Sports Journalism Blog

Mark Dantonio speaking to the media ahead of Saturday's Big Ten Championship.

Mark Dantonio speaking to the media ahead of Saturday’s Big Ten Championship.

By Dennis Glade

Sports Capital Journalism Program

INDIANAPOLIS — The script has changed a number of times this year for Michigan State, but the objective remains the same – reach higher.

For the third time in the five Big Ten championship games, Michigan State will play at Lucas Oil Stadium in Indianapolis.
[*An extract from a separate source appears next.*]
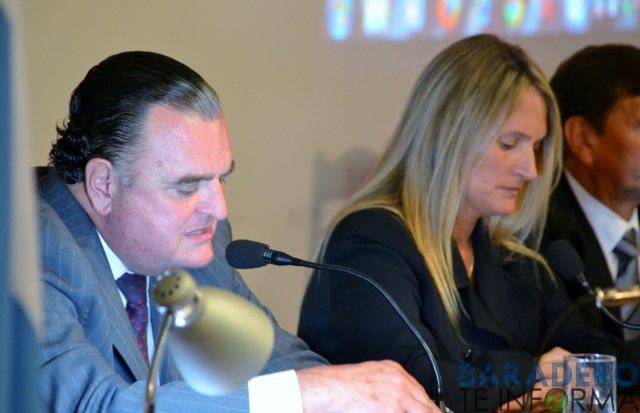 Ahora Carossi dice que no renuncia, llega hasta el 10 y se jubila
An undefeated Iowa team stands in the way of the Spartans, with a potential spot in a College Football Playoff semifinal at stake.

“I hope that we stay grounded in who we are as a program and strive to do a little bit better than the year before,” Dantonio said. “When you’ve gotten to a point, you want to move further than that.”

In their previous conference title games – a win over previously undefeated Ohio State in 2013 and a narrow loss to Wisconsin in 2011 – the Spartans were playing for an appearance as the Big Ten representative in the Rose Bowl Game. The second season of the four-team playoff format has raised the stakes. No. 4 Iowa and No. 5 Michigan State will meet Saturday night in the equivalent of a national quarterfinal.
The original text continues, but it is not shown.